── AVAILABLE DATA

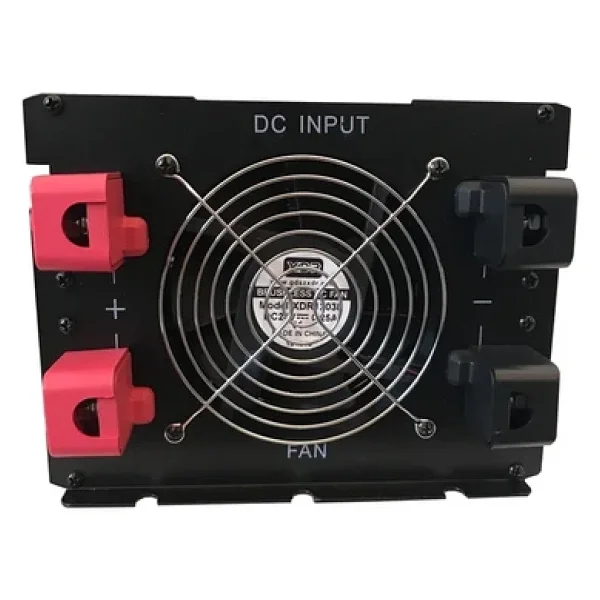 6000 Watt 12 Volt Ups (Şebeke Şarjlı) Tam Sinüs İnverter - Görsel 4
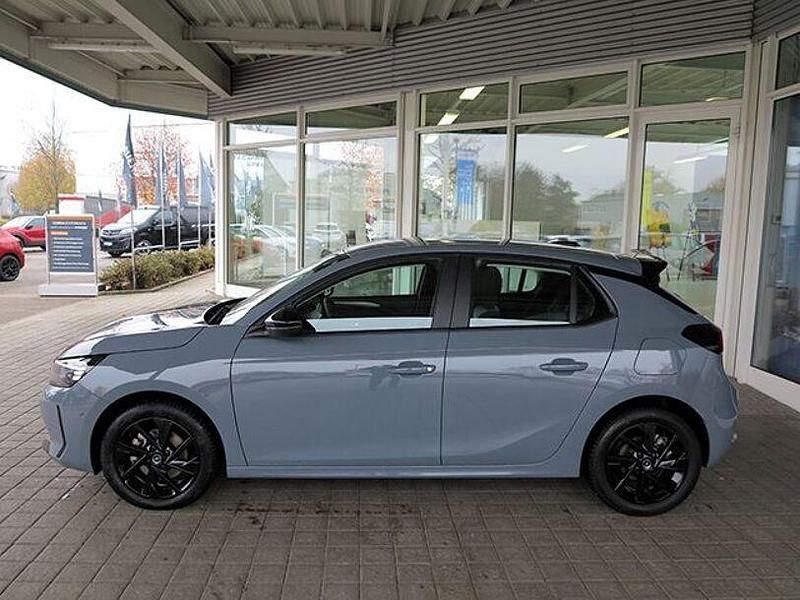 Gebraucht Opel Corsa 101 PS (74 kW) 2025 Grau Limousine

────
── AVAILABLE DATA

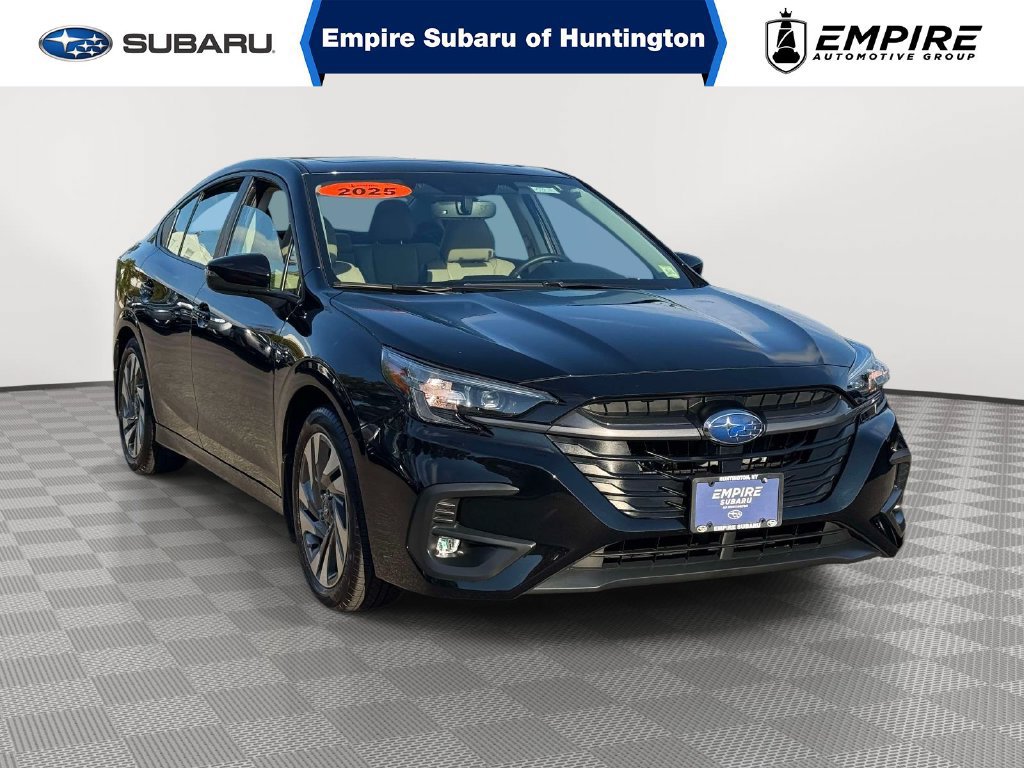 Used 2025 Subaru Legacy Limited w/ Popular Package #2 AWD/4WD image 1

────
── AVAILABLE DATA

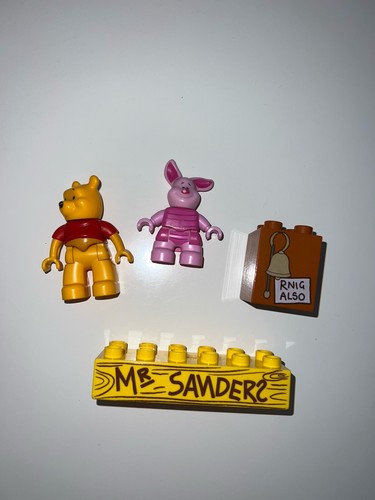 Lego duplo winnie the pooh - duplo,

────

For this exercise, please set down exactly the lines of the listing above from the line with "6000 Watt 12" up to and including the line with "Gebraucht Opel Corsa", and no pictures.

## SOLUTION FOR THIS EXERCISE
 6000 Watt 12 Volt Ups (Şebeke Şarjlı) Tam Sinüs İnverter - Görsel 4
 Gebraucht Opel Corsa 101 PS (74 kW) 2025 Grau Limousine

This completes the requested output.